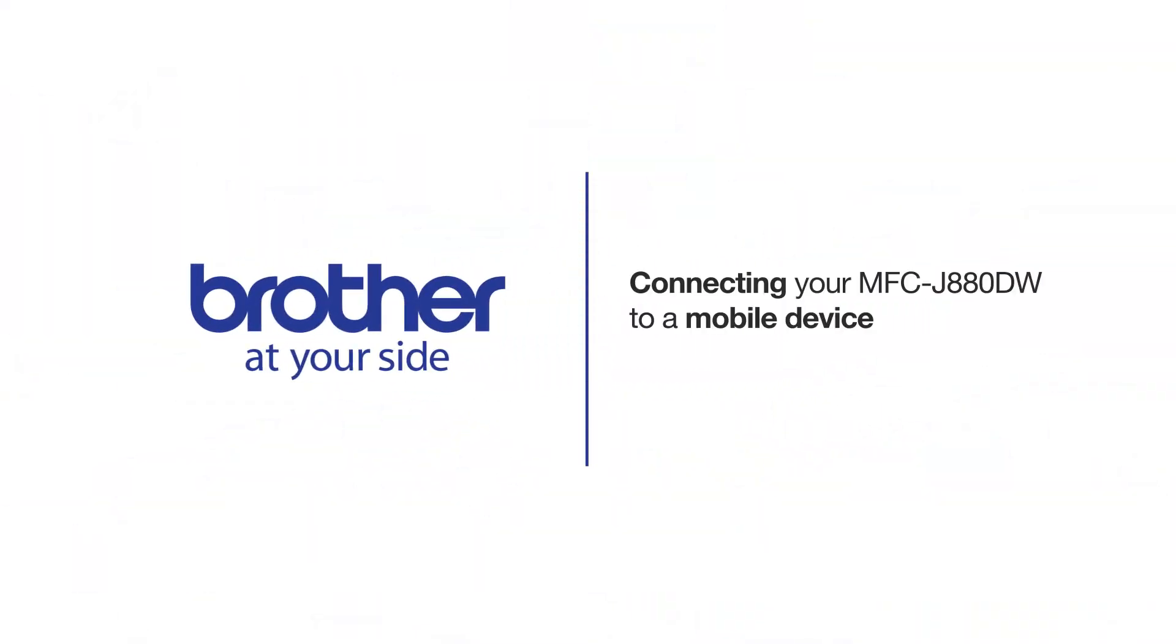Welcome! Today we're going to learn how to connect your MFC-J880DW to a mobile device using Wi-Fi Direct.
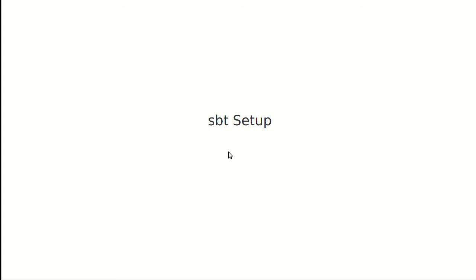I am using SBT, the Scala build tool, for doing this. It helps us to organize a number of things. And so I want to look at the files that we're using here, at least briefly.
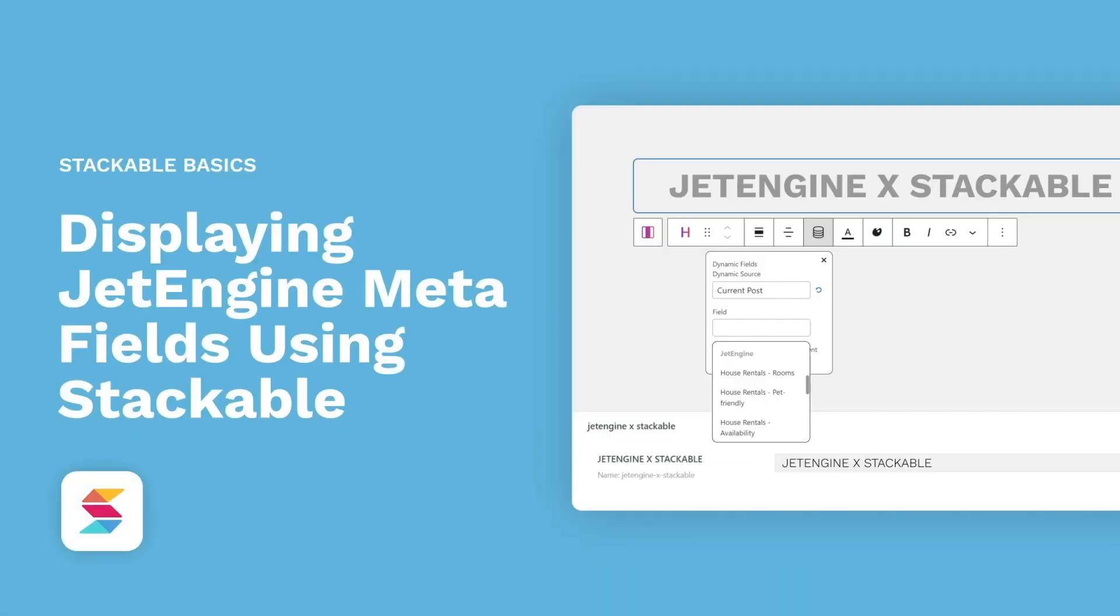The Dynamic Content feature in Stackable is a very powerful feature, and allows you to do so much more with your content. Pair that with JetEngine, then it's even better.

## Brief
Drop the pictures and reproduce the rest of the data exactly.

## Output below
Welcome! Today we're going to learn how to connect your MFC-J880DW to a mobile device using Wi-Fi Direct.
I am using SBT, the Scala build tool, for doing this. It helps us to organize a number of things. And so I want to look at the files that we're using here, at least briefly.
The Dynamic Content feature in Stackable is a very powerful feature, and allows you to do so much more with your content. Pair that with JetEngine, then it's even better.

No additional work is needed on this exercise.